Please return the listing exactly as written, but without its pictures.

[Recorded information]

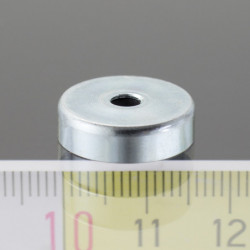 Mágnes lencse 16 mm, magasság 4,5 mm, furattal süllyesztett fejű csavarnak 3,5 mm átmérővel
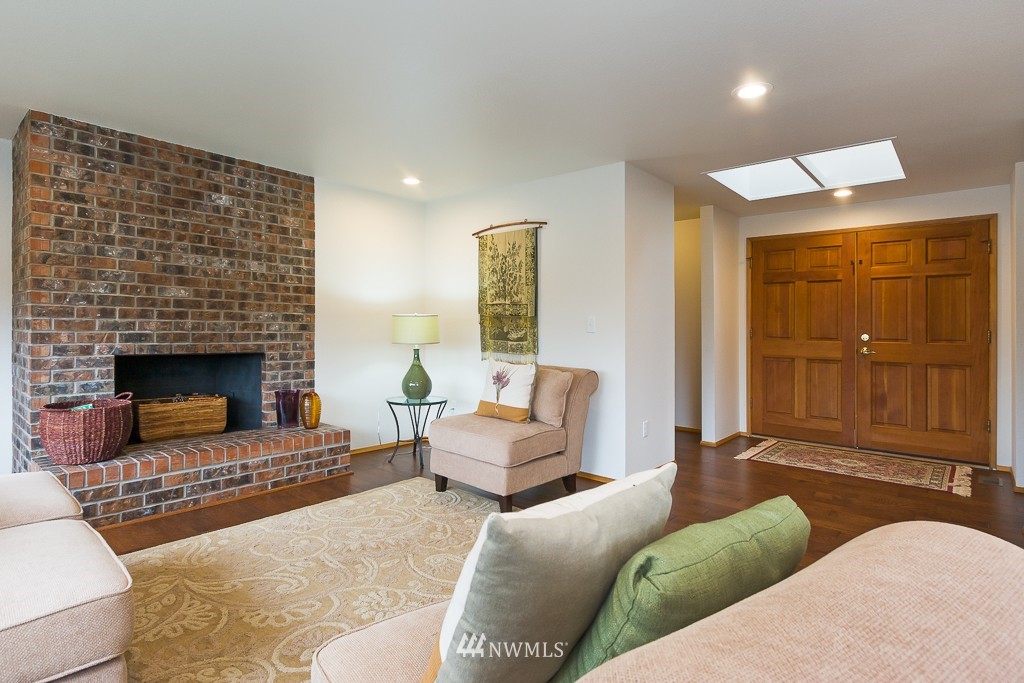 411 Index Place Northeast Renton, WA 98056 - Photo 2 of 23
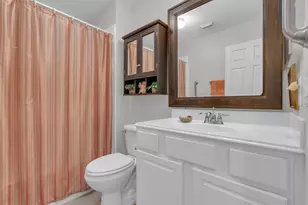 14 Trafalgar Pl, Conroe, TX 77384 - Photo 14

[/Recorded information]

§ Task response:
 Mágnes lencse 16 mm, magasság 4,5 mm, furattal süllyesztett fejű csavarnak 3,5 mm átmérővel
 411 Index Place Northeast Renton, WA 98056 - Photo 2 of 23
 14 Trafalgar Pl, Conroe, TX 77384 - Photo 14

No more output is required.